1) test upper(<col>) on input name in a sub-query on users (:"Elixir.Compliance.StringFunctions.upper(<col>).Test")
     test/compliance/string_functions_test.exs:40
     Inconsistent query results:
     Group 1:
       'Cloak.DataSource.MongoDB//mongodb3.4_encoded'
       'Cloak.DataSource.MySQL/mysql/mysql5.7'
       'Cloak.DataSource.PostgreSQL/postgresql/postgresql9.4'
       'Cloak.DataSource.PostgreSQL/postgresql/postgresql9.4_encoded'
     Group 2:
       'Cloak.DataSource.MongoDB//mongodb3.4'
     Query:
       SELECT
         output
       FROM (
         SELECT
           user_id,
           upper("name") as output
         FROM users
         ORDER BY 1, 2
       ) table_alias
       ORDER BY output

...
left: [... %{occurrences: 8, row: ["ANNA JURIĆ"], users_count: 8}, ...],
right: [..., %{occurrences: 8, row: ["ANNA JURIć"], users_count: 8},  ,...]
sasa1977 commented 6 years ago

It looks like the problem here is that projections such as toLower and toUpper work only on ASCII characters.
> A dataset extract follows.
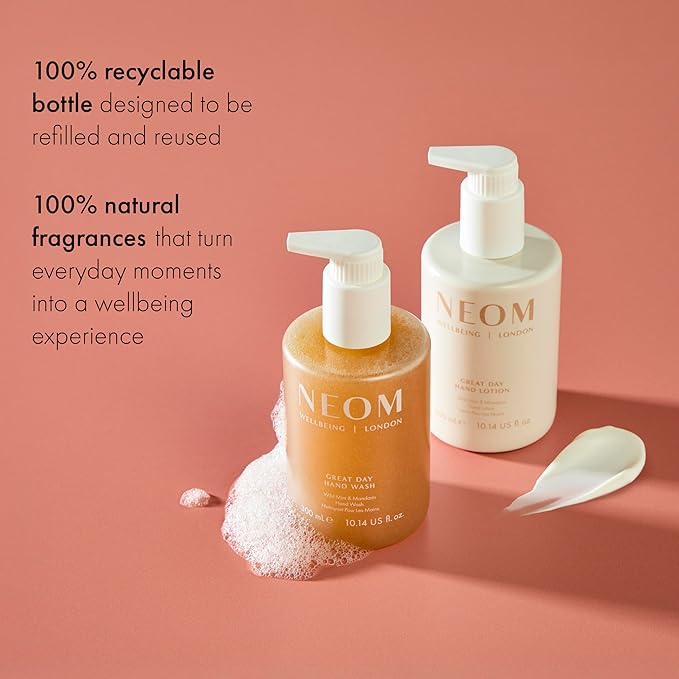 Neom Great Day Hand Lotion, 300ml | Wild Mint & Mandarin I 7 Essential Oils I 100% natural fragrances I 100% recyclable bottle I Luxurious formula I Hydrating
See here for example.

This could be solved by emulating such functions, or alternatively we could map each document in mongodb with something like:

db.coll.find().map(function(doc){
  doc.field = doc.field.toUpperCase(); 
  return doc;
})

In the meantime, I think we shouldn't include mongodb in these tests (upper and lower).

cc @cristianberneanu

cristianberneanu commented 6 years ago

Unfortunately, mongo lacks severely in the provided functions department.

Either we ignore the issue for now, or, like you said, mark the functions as unsupported, forcing emulation. Although that will make the TeamBank queries even slower. We could also expose different Unicode and ASCII versions, but I am not sure it is worth it.

sasa1977 commented 6 years ago

Although that will make the TeamBank queries even slower.

The problem is that currently these functions are working correctly only for ascii characters.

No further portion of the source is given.